## DIRECTIONS
Give every entry below again, exactly as written, and skip the images.

--*--

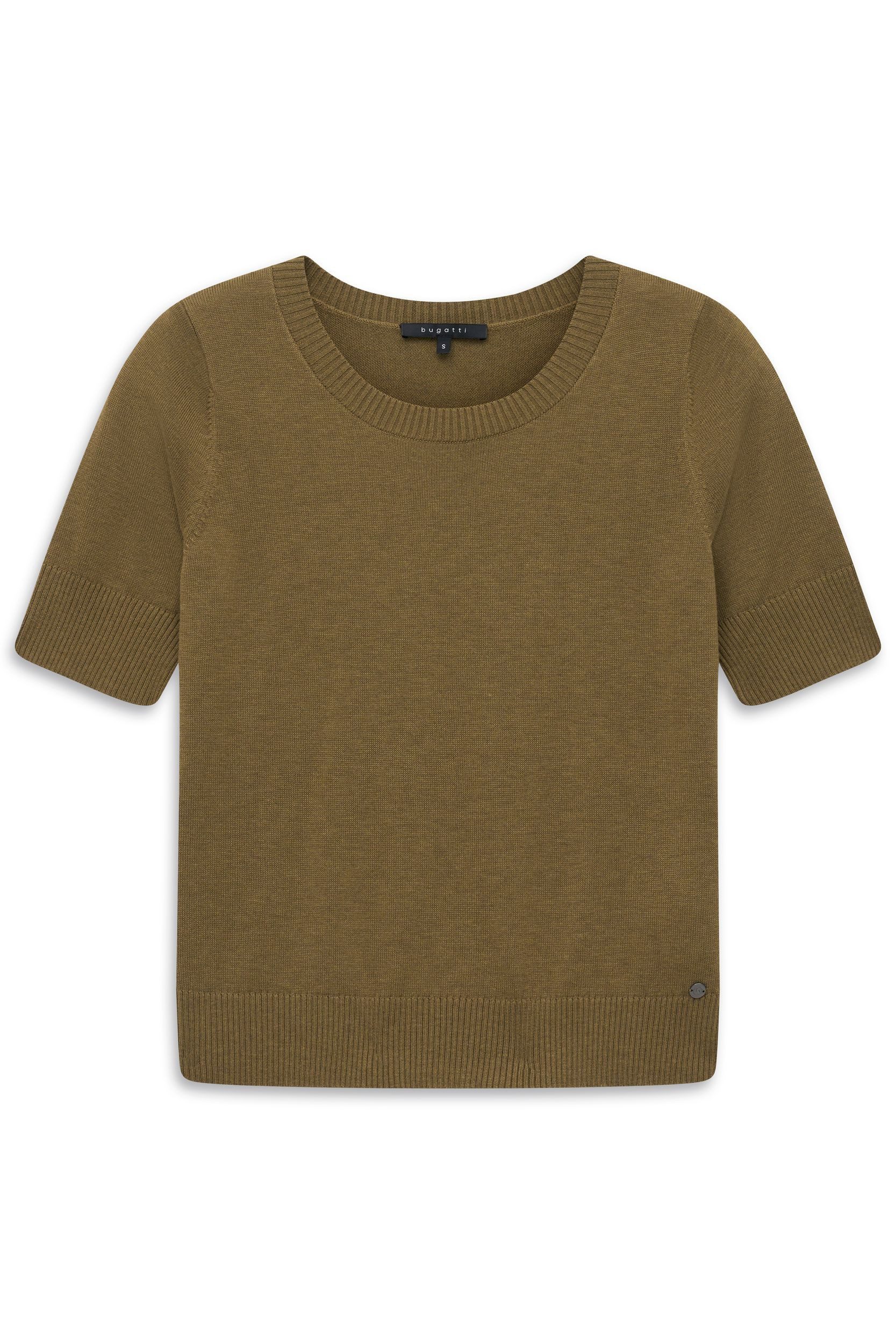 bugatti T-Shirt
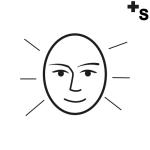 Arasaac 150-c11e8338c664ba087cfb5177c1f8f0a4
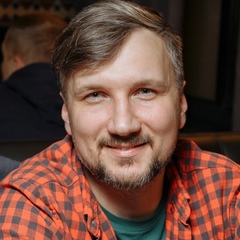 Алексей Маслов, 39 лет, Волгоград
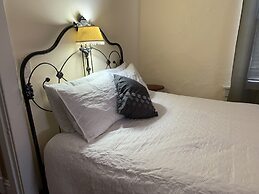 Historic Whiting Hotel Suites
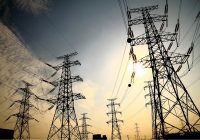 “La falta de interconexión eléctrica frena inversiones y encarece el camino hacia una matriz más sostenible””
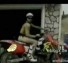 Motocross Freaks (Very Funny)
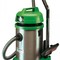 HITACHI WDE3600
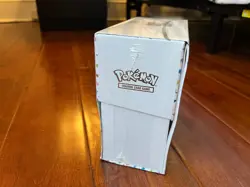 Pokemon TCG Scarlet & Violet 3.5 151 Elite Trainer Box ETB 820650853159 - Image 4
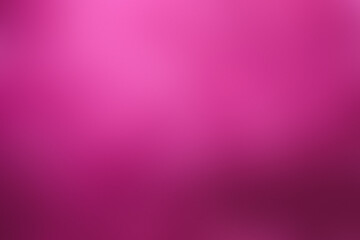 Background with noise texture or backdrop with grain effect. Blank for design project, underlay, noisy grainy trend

--*--

## THE ANSWER
 bugatti T-Shirt
 Arasaac 150-c11e8338c664ba087cfb5177c1f8f0a4
 Алексей Маслов, 39 лет, Волгоград
 Historic Whiting Hotel Suites
 “La falta de interconexión eléctrica frena inversiones y encarece el camino hacia una matriz más sostenible””
 Motocross Freaks (Very Funny)
 HITACHI WDE3600
 Pokemon TCG Scarlet & Violet 3.5 151 Elite Trainer Box ETB 820650853159 - Image 4
 Background with noise texture or backdrop with grain effect. Blank for design project, underlay, noisy grainy trend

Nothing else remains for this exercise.